Deal with it

Halloween allows us to remember that life, even in these years of human longevity, is actually very short. It reminds us that what we do matters and how we spend our days and years makes a difference. There is subtle beauty in its invitation to stand on that brink between life and death and nestle closer to what is valued, what is most real. In so many ways, Halloween is the reminder that living with costumes and masks is a playful deflection from what is real and what really matters in life: daring to embrace what really is and who we really are and ride through the roller coaster of life. Just a few guidelines on that trip can really help. Today’s Gospel bores down to the heart of all that: Love God; love your neighbor as yourself.

That looks different for everyone, but we are truthfully surrounded by individuals who dare to live that way everyday. They find those quiet moments when the Lord’s Prayer can flow into the silence; they live with a sense of gratitude for the kindness of strangers, and gently astound the next person by paying it forward at a coffee shop. They understand that a forest is as sacred as a church and that the ocean carries an abiding message to the human who dares to walk along its shore. They know the heartbeat of God in the tears of the vulnerable, and they can detect the truth of a situation with an uncany consistency. They keep a sense of self while not being over-bearing to others; they have the courage to walk away when it is necessary and to reach out when it is needed. They trust that they are lovable human beings created to love and to be loved; they are conscious of the need to sacrifice, and they live with the desire to make a difference. They value truth and treasure honesty in themselves and others, and they are remarkably humble and unfailingly modest. Most of all, they have the capacity, the competence and the courage to deal with with what happens, whatever that is and however challenging it might be, they are willing to work it through.

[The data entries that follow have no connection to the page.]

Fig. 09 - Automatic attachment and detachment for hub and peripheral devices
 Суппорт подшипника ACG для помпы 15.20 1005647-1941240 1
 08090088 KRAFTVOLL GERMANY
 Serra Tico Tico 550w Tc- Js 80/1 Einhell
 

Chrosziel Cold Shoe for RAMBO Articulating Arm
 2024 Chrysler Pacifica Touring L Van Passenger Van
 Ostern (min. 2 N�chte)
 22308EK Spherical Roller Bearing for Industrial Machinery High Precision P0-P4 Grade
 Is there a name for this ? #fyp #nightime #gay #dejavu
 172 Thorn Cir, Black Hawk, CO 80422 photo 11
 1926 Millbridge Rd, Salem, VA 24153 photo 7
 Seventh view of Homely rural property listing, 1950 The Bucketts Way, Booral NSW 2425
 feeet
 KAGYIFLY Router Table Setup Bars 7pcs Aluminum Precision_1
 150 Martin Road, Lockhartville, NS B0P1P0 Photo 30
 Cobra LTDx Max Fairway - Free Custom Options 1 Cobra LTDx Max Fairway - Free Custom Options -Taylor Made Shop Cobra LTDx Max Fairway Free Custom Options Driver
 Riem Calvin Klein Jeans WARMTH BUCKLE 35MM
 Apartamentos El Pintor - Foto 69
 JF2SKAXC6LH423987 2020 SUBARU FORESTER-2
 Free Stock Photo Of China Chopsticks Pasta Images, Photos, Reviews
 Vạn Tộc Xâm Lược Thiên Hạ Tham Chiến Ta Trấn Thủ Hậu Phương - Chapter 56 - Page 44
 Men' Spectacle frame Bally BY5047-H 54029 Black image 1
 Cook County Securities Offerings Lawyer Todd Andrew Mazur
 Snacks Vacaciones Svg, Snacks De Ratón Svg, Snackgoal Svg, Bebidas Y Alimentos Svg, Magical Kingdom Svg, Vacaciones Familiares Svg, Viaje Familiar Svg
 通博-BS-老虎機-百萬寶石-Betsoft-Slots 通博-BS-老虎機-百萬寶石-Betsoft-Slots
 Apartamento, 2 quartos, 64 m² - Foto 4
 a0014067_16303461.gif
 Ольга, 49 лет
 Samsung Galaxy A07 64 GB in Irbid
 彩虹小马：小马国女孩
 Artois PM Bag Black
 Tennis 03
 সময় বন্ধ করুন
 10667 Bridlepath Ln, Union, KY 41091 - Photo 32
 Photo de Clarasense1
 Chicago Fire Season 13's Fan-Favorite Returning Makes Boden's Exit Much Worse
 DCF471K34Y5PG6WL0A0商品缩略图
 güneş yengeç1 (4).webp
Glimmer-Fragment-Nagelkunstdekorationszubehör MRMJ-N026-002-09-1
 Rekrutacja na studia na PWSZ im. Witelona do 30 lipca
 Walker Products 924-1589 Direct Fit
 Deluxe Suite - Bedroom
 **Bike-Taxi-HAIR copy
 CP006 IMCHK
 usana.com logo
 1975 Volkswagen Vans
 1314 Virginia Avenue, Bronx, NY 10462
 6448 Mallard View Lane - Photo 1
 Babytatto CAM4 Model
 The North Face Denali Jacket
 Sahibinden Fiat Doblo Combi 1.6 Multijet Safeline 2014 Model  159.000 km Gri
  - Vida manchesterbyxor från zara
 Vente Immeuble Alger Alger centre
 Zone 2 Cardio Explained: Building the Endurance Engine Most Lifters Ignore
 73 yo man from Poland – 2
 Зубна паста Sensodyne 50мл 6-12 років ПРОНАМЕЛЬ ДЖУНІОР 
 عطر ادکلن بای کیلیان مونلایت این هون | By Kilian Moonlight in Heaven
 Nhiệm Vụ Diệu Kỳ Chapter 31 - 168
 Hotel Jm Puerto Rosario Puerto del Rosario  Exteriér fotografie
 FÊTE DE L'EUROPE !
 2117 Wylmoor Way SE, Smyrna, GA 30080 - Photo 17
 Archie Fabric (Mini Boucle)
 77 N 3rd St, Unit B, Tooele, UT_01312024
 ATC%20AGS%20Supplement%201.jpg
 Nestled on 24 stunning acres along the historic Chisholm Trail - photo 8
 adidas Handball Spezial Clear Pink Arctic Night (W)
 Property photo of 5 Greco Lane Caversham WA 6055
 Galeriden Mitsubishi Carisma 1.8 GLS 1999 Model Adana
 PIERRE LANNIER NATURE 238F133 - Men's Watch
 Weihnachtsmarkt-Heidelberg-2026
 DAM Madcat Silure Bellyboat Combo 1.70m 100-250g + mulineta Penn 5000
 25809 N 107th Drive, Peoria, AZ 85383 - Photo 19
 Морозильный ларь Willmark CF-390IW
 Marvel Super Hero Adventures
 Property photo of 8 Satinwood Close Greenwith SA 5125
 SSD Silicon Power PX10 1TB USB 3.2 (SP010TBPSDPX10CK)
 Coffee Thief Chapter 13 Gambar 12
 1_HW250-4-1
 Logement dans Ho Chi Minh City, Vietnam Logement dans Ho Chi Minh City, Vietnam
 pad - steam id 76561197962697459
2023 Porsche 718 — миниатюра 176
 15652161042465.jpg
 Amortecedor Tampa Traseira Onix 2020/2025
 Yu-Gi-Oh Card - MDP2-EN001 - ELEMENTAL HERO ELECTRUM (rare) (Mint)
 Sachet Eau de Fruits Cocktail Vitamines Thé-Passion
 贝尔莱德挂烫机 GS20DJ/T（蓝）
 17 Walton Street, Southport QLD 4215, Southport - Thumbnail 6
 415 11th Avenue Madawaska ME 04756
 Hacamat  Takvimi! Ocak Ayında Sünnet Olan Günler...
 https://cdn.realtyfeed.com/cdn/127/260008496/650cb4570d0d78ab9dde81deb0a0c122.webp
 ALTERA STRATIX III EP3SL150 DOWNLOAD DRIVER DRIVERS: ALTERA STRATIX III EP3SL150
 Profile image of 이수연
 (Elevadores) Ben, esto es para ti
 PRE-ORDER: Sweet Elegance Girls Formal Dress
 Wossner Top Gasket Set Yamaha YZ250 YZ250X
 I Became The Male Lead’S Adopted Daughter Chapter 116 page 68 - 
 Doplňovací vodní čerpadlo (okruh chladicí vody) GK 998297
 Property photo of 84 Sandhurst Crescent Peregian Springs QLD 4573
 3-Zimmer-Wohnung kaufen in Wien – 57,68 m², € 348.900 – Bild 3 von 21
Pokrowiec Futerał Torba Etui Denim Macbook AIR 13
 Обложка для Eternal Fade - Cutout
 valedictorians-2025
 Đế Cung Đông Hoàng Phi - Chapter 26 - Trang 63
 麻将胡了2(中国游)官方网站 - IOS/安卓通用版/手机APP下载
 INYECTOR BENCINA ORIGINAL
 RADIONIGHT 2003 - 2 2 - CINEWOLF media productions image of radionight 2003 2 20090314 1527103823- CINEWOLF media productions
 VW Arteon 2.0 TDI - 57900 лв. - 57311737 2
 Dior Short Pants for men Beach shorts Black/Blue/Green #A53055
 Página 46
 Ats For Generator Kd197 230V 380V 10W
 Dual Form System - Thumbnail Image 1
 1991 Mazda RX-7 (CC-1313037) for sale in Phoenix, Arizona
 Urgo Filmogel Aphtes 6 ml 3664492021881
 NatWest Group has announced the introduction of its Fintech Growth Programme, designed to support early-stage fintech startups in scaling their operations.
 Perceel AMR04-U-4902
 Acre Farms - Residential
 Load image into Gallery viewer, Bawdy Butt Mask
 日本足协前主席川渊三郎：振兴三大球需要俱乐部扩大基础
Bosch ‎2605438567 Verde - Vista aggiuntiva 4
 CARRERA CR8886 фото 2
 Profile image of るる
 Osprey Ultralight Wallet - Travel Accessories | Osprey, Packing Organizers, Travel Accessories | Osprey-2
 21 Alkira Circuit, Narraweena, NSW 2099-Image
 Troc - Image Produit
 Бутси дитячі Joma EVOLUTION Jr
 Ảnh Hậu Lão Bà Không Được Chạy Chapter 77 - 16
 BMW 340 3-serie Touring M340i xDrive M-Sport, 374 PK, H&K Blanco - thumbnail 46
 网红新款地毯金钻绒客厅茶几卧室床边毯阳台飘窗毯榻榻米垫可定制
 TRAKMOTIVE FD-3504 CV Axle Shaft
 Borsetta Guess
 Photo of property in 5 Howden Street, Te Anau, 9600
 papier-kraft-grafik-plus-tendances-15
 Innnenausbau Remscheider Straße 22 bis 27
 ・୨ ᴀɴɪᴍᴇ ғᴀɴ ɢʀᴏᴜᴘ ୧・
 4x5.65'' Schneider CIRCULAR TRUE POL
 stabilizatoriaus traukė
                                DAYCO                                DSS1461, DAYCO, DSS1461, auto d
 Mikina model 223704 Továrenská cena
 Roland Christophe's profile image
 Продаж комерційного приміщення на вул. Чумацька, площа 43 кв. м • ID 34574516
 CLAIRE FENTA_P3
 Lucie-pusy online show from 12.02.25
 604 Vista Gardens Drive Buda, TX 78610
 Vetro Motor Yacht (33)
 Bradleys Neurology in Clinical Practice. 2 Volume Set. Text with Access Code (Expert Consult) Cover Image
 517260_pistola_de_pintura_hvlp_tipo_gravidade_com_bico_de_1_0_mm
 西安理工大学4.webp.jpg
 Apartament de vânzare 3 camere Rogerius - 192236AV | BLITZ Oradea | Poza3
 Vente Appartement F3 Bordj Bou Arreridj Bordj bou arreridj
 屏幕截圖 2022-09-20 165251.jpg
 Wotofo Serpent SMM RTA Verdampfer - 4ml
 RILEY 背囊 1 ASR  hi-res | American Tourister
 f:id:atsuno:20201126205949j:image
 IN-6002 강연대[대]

You know who they are: they are the gifts given to guide us through this very complicated experience of life, the angels we can see. They are the ones who keep trying, who don’t give up, who believe that truth is worth living out. They recognize possibilities, nurture hope, and they can see reality with an acuity denied to others. Theirs is the task of articulating it, choosing wisely, and knowing that genuine goodness is what makes all the rest happen. Preserving and growing that goodness is costly to them, but worth the sacrifice. They edify and inspire the rest of us, and they enable us to believe in the sacredness of life. They live out the Gospel in ways we can learn from. They are there, no costumes and no feigning, one hundred percent real and dealing with reality everyday with gentleness, kindness and goodness. Look closely: look at the persons you cross paths with everyday. That can be goodness looking you right in the eye. Deal with it!

Think, Talk, Act

Today, New England is bursting with color against a cloudless sky. There is magic in the reverberating red of the maple and a daring in the crispness of yellows cresting against the simplicity of blue. Gray creeps subtly across the horizon stealing the backdrop but framing the beauty, enabling a different voice and persepctive on what is beautiful, what carries energy and meaning. Wafts of apple cider donuts and cinnamon buns tantalize the senses and so the world is again transformed. Can we see it? Can we linger for a moment with the meaning? Can we wonder at the depth of the moment’s experience? Dare we realize what it is we are able to see?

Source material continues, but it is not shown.